Nigeria parades a horde of politicians who appear every electoral season to contest for president or whatever office they fancy. Most of these, whether recycled and tired or relatively new, live for the season. They disappear thereafter.

Peter Obi commits enormous personal resources on humanitarian activities, on and off election season. Indeed, he appears to spend more on humanitarian services when he is not running for any office.

Schools and the lives at Internally Displaced Peoples (IDPs) bear testimony to his philanthropy. Why should that bother the presidency and the APC? Why are other politicians not standing up to match what he is doing?

Numerous communities and social institutions across the country need basic economic and social amenities, which governments have failed woefully to provide over time. Public-spirited citizens like Peter Obi should be courted, not discouraged, from coming to the rescue. There must be a limit to the deprivation visited on ordinary citizens.

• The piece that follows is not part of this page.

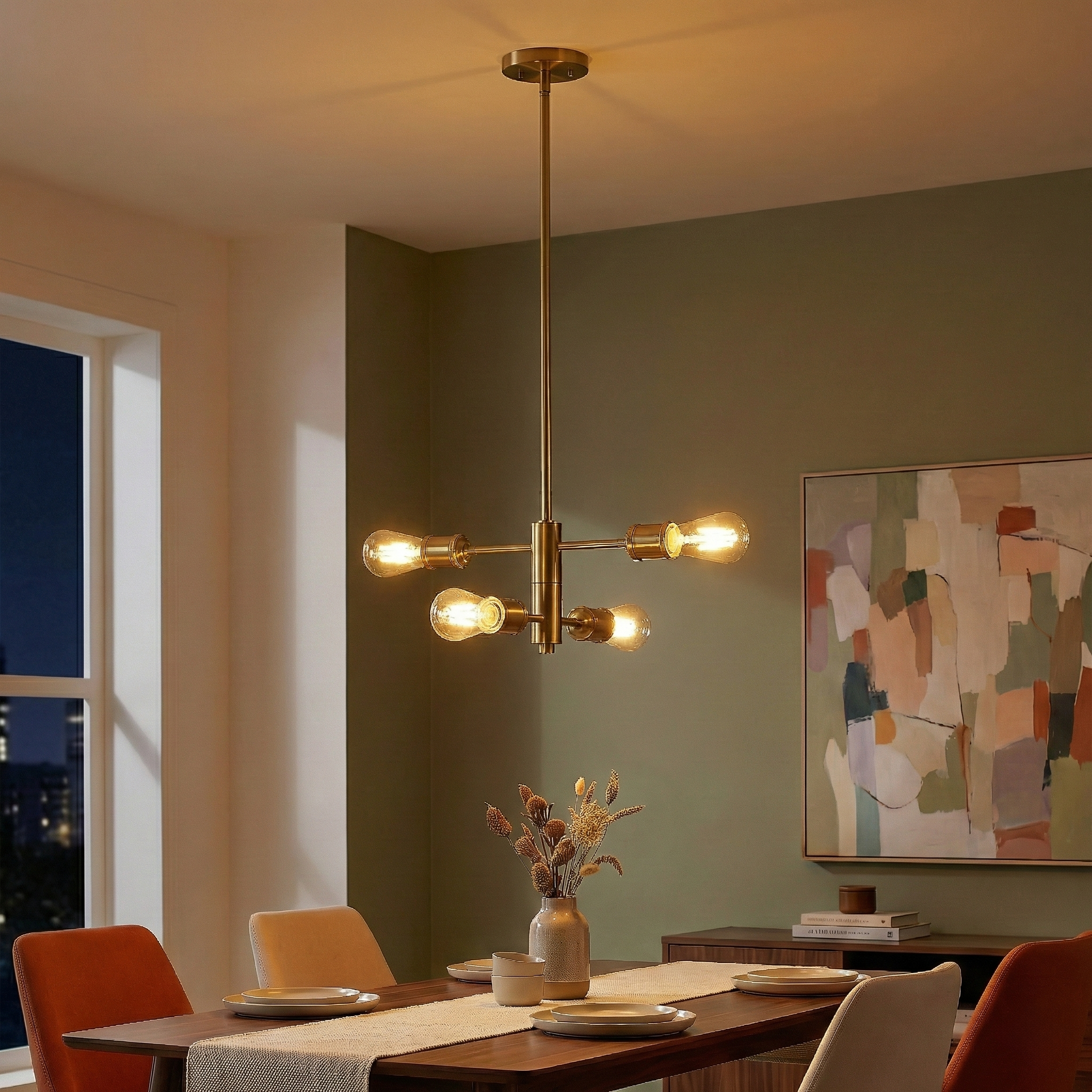 Trellis Four Lights Modern Gold Chandelier Vintage Pendant Fixture For Living Room Dining Kitchen 15 W X 6.75 H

For the governments that failed to meet the basic needs of the people to also frustrate independent philanthropic interventions amounts to a twofold injustice. Trying to prevent Obi from accessing federal or state grounds to speak or to extend a helping hand to needy communities is a new height of despotism. It portends danger.

Scotch earth policy, the type the Tinubu presidency and the APC are executing on Peter Obi, is a strategy commonly identified with any side that is losing ground in a battle.

Destroying bridges, food stores, farmland, and humanitarian supplies in order to prevent the advancement of an opponent is a statement in retreat. The disposition speaks loudly of being scared.

Worse than that, it is an attempt to destroy the humanity of the society on the altar of political expediency.